A couple of years ago, I interviewed Pauline “Polly” Herren Sabin, a centenarian who spoke about the schoolhouses she attended and the cemetery nearby. I envisioned them on the east side of the road, where the local Cemetery District owns property at the northeast corner of Tucker and Schoolhouse.
But Loretta (McQuigg) Ray, who lives in Spokane, sent a message pointing out my error. She and her sister, Joan (McQuigg) Titus of Lyle, Washington, grew up in the Toledo area and agreed to show me and fellow historian Johanna Jones the location of the old cemetery and schoolhouses. Joining us for the meeting last spring was Marlene Hampton, who with her husband, Bob, sold their dairy farm in Rochester and bought nearly three acres at 216 Schoolhouse Lane in 2016. They lived in a fifth-wheel trailer while constructing their home.
She doesn’t worry about living where bodies were once buried. As a strong Christian, she prayed over the property before they built. She’d heard the land might have been a cemetery at one time.
“When they dug the septic,” Hampton said, “they never found a bone.”
In the first half of the 19th century, the expansive Cowlitz Prairie was home to Cowlitz Farm, 5,000 acres farmed by the Puget Sound Agricultural Company for the Hudson’s Bay Company. After the British ceded land south of the 49th parallel to the United States in June 1846, Cowlitz Farm became prime property for homesteaders seeking to stake a claim.
Two of those homesteaders, described by former Cowlitz Farm manager George Roberts as “squatters,” were Thomas M. Pearson, who claimed 640 acres on the west side of Schoolhouse Lane, and Jackson Barton, whose donation land claim was on the east side.
According to “The Toledo Community Story,” Pearson in 1871 donated land for both a schoolhouse and a burial ground. Eventually, two schoolhouses were erected. Sabin, who died Sept. 13, 2018, told me that the younger students gathered in the smallest building, the older in the larger one. They used an outhouse in the old days.

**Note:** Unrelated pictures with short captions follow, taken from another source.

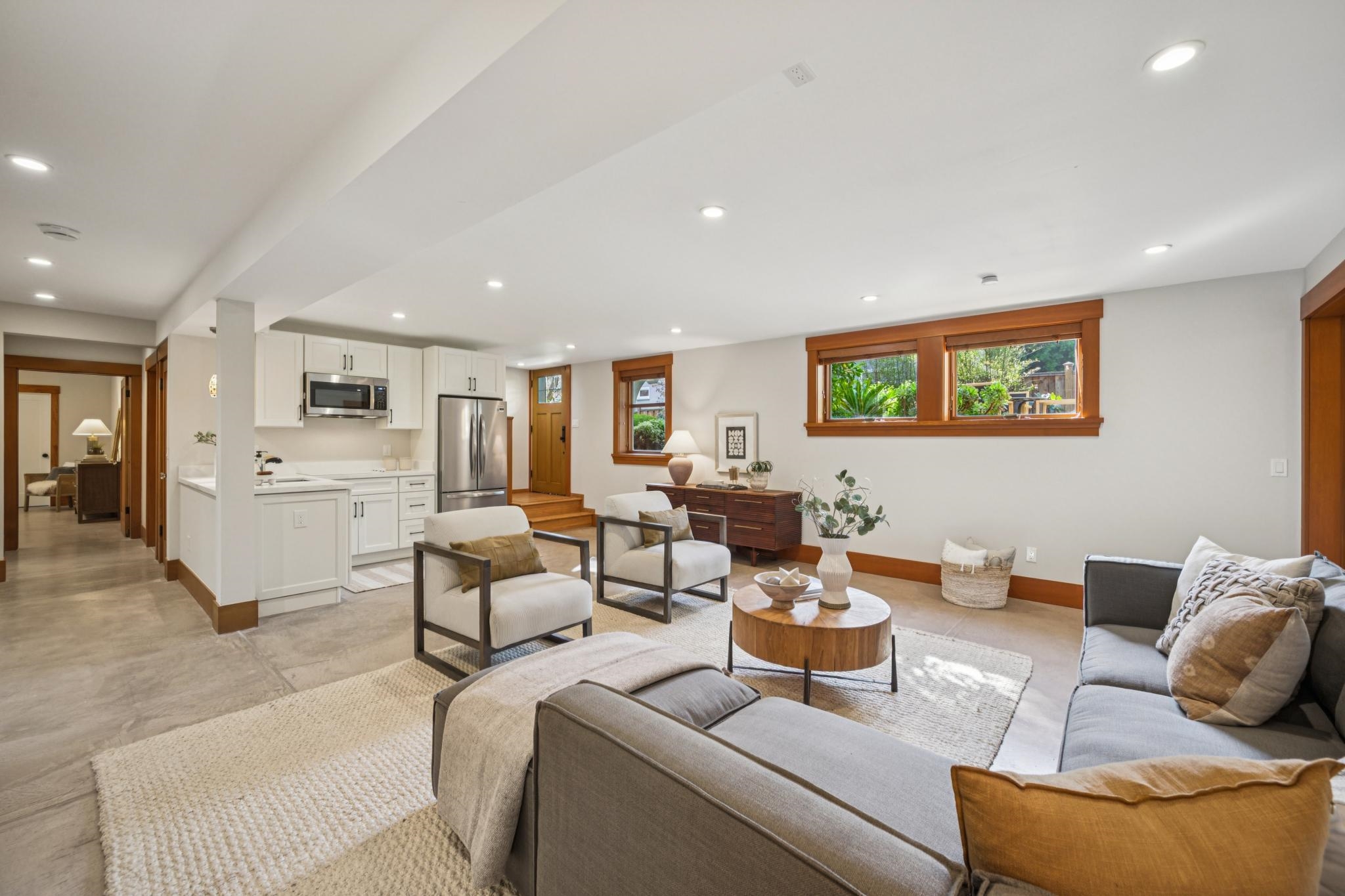 Detail Gallery Image 35 of 60 For 3833 Lakeshore Ave, Oakland,  CA 94610 - 5 Beds | 3/1 Baths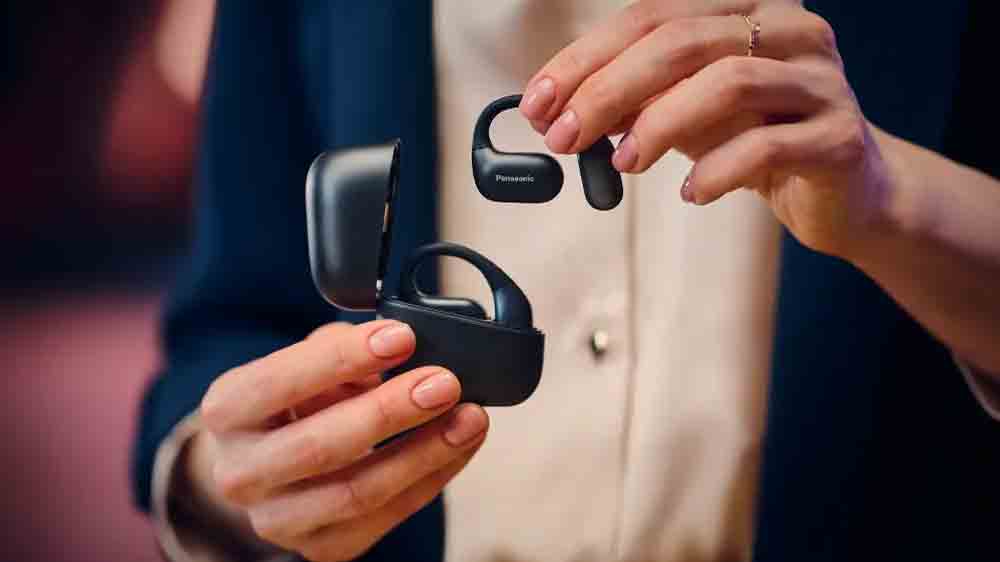 Ruce dávající bezdrátová sluchátka Panasonic RB-F10 TWS Black do nabíjecí kolébky_03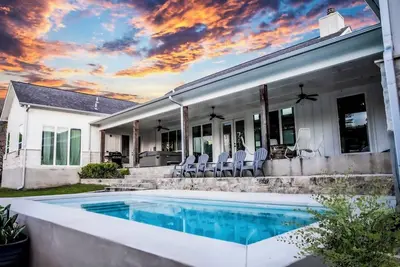 Image de 5 Acre Retreat w/ Brand New Pool! Ideal for Gatherings & Micro Weddings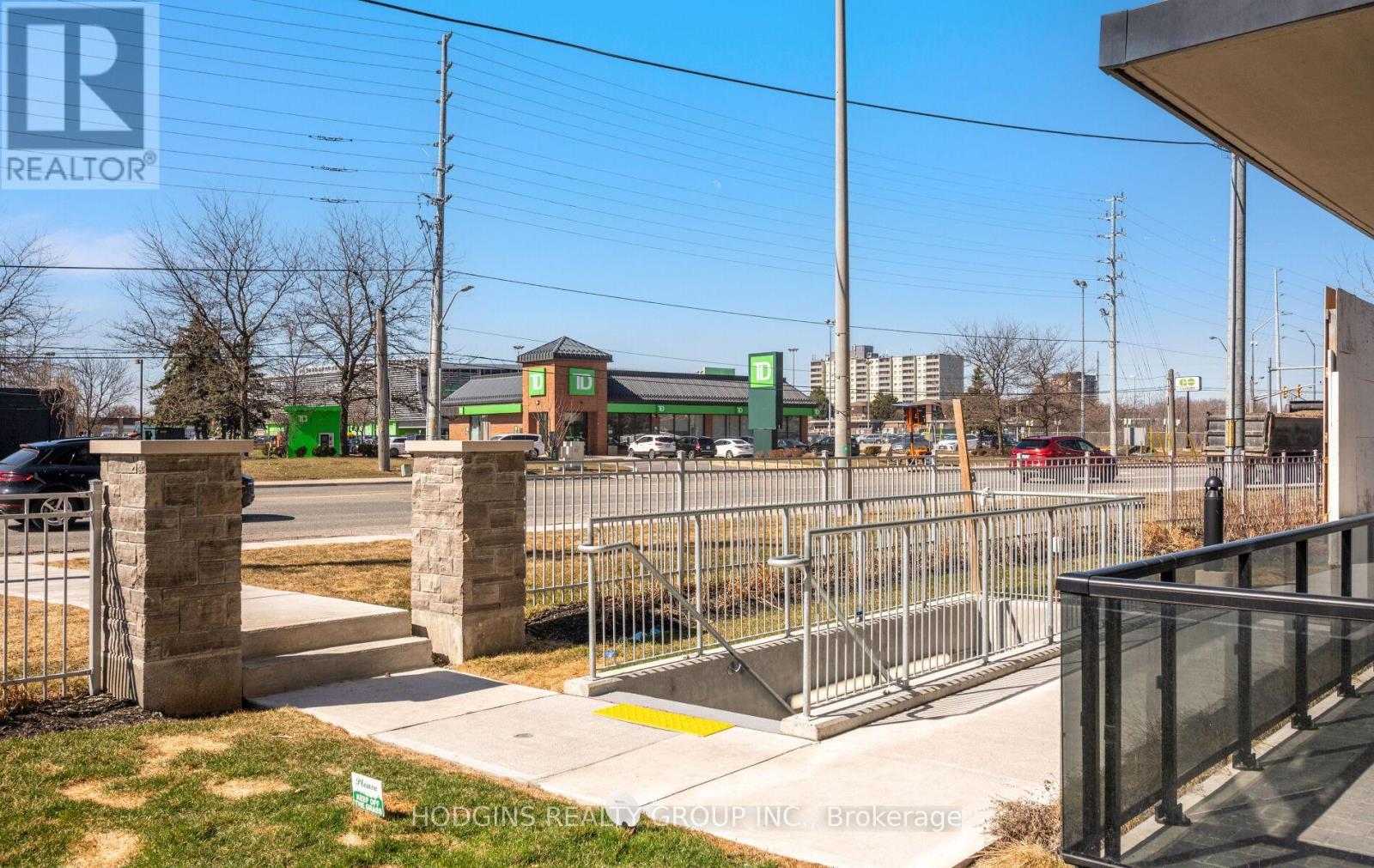 106 - 1035 Southdown Road, Mississauga, Ontario  L5J 0A2 - Photo 28 - W12931076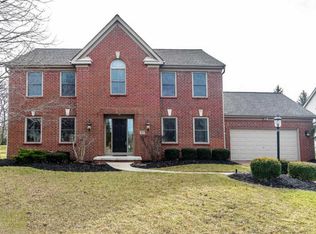 311 Shalebrook Dr, Powell, OH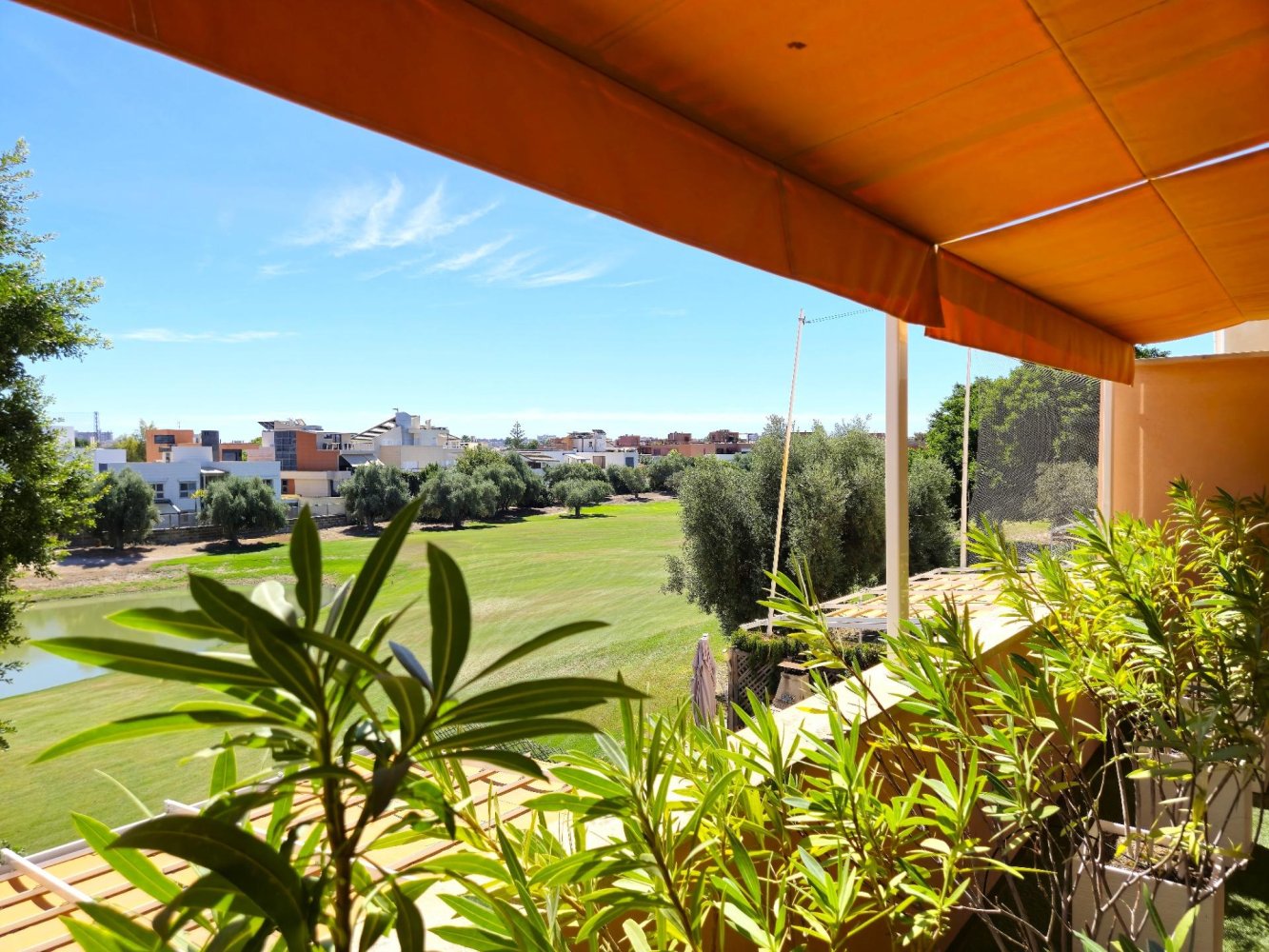 House in Alicante, Spain 3 bedrooms, 350 sq.m. No. 197902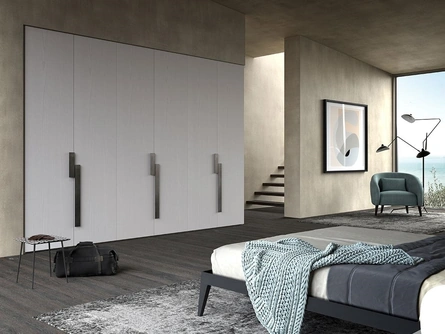 Armadio con ante battenti Comp 356 in frassino laccato ghiaccio di Mobilgam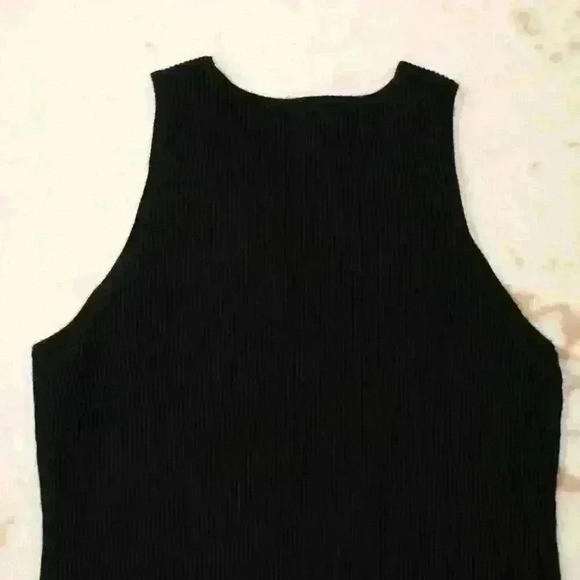 BAR III Ribbed Stretchy Black Knit Chic Thick Flattering Tank Top Women Medium - Picture 10 of 10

The first Upper Cowlitz schoolhouse, though, was described by descendants of Samuel M. Spencer, who crossed the plains in 1851 and settled on Cowlitz Prairie after stays in Portland and Tumwater, as a building made of logs with a puncheon floor “with cracks wide enough to spit tobacco juice through (and they did),” according to “The Toledo Community Story.”
One of Samuel and Mary (Carter) Spencer’s sons was Tracy Thomas Spencer, the father of Clarice Spencer and grandfather of Titus and Ray. Both Tracy and his daughter attended Upper Cowlitz School.
Clarice, who died in 2006, graduated from Toledo High School in 1929 and married Henry McQuigg that December. Their children include Ray, Titus, and son Henry “Tom” McQuigg of Ethel.
The elder Henry, one of the sons of Minor and Adelaide (Balfour) McQuigg, attended Hopewell School near Tucker and Classe roads near where he was raised. When he was 21, his father died, so Henry cared for their mother and the younger three boys and a girl by farming on Tucker Road. He later worked in logging camps to support the family and operated a sawmill.
Ray and Titus grew up near their Spencer and Balfour grandparents, who lived three miles apart from each other on Spencer Road.
“Times were hard,” Ray said. “We never had an indoor toilet. We had an outhouse. We were raised on Spencer. The outhouse is still there.”
She said they didn’t tear down outhouses. “You might need it.”
Ray and Titus recall their grandparents, Tracy and Anna Spencer.
“I remember how hard my grandma worked, and my grandpa liked to fish and hunt,” Titus said.
Their McQuigg uncles hauled water from the creek across the road until a dairy was started upstream, when they hauled water from their brother’s place instead.
Back in the day, family members often were buried on the home place. The Balfours were buried on their property, but Ray said that in the 1980s her mother hired someone to move the graves to Salkum.
“When they dug up the graves,” she said, “all there was was a piece of metal off of one of the caskets because the caskets would have been wooden, and I think a bone or two.”
Ray and Titus remember only one schoolhouse, but eventually even that building vanished.
So did the cemetery. No headstones remain. Neither does the grove of towering fir trees that once graced the cemetery. As for the people once buried there — May they rest in peace.